Bitirmeden en klasik birlik argümanına da değinelim: faşizme karşı birlik. Seçimler tartışmasının bu kadar yaygın olduğu, Millet İttifakı liderinin somut bir iktidar namzeti olarak bürokrasiyi tehdit ettiği, doksanlar askeri vesayetinden arta kalanların önemli bir bölümünün muhalefette olduğu ve Sedat Peker şahsında eski kontrgerilla aparatlarının sine-i millete döndüğü günümüz Türkiye’sinde herhalde faşistler vardır, devletin sert çekirdeğinin faşist kurumsallaşma geleneği vardır ama 2022’de bir faşist diktatörlük olasılığı yakın değildir. Liberallerin demokratikleşme söyleminden aparılmış otoriterlik tanımlarıyla melezlenmiş, liberal demokrasilerin sermaye diktatörlükleri olduğunu zımnen gizleyen faşizm tahlilleri günümüz Türkiye’sinde politik görevlerimizi tespit etmemizi kolaylaştırmıyor. Tam tersine CHP’nin baş aktör olduğu sınıf uzlaşılarını teorize etmenin önünü açıyor.

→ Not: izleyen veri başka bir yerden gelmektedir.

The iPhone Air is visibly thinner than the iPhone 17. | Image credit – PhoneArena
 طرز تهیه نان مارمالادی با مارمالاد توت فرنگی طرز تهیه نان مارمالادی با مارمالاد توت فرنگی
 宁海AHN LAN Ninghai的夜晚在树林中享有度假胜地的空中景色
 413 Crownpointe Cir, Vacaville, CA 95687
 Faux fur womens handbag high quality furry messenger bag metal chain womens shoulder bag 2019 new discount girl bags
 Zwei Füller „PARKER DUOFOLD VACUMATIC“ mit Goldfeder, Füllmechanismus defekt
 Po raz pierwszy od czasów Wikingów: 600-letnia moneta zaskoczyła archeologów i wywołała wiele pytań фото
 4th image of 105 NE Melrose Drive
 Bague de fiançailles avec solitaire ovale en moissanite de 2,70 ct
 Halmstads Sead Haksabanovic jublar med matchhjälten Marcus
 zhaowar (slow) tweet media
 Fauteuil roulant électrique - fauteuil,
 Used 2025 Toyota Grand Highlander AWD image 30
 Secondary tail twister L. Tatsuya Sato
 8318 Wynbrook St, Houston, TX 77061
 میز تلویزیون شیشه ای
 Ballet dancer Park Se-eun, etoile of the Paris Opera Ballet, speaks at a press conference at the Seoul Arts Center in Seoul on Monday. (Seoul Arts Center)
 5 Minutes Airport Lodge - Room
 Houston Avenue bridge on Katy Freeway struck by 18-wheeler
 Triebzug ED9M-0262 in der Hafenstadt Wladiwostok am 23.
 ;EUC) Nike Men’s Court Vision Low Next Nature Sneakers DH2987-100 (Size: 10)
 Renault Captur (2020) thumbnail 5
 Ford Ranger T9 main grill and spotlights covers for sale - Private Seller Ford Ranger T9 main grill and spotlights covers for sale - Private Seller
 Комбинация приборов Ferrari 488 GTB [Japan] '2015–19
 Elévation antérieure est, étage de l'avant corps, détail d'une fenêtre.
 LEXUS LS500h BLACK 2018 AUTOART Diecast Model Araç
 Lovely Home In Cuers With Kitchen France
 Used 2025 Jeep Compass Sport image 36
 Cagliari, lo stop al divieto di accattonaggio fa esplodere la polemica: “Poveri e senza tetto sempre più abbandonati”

Zaten görebildiğimiz kadarıyla, lafı çokça edilse de, Türkiye sınırları içinde böyle bir birlik çabası da, o çabaya gereken asgari örgütsel hazırlık da pratik olarak yoktur.

Şöyle bitirelim, proletaryanın pek çok eğilimi ama bir siyasal öznesi olur. O özne bugün var olan kendimizinki dahil hiçbir politik topluluğun organik gelişim ve dönüşümünün sonucu olarak ortaya çıkmayacaktır. Bulunduğumuz sektler içinden geçtiğimiz örgütsel ve ideolojik yenilgi döneminin siyasal sonuçlarıdır, ideal bir durum değildir. Birlik tartışmasına hep bu bilinçle bakmalı ve fakat siyasette bir artı birin hep iki etmeyeceğini de unutmamalıyız, ideolojik ve örgütsel yenilginin yükü yeterince ağır bugün başka ceset sırtlayamayız.

(Bu yazı Komite Dergisi’nin Aralık sayısında yayınlanacaktır.)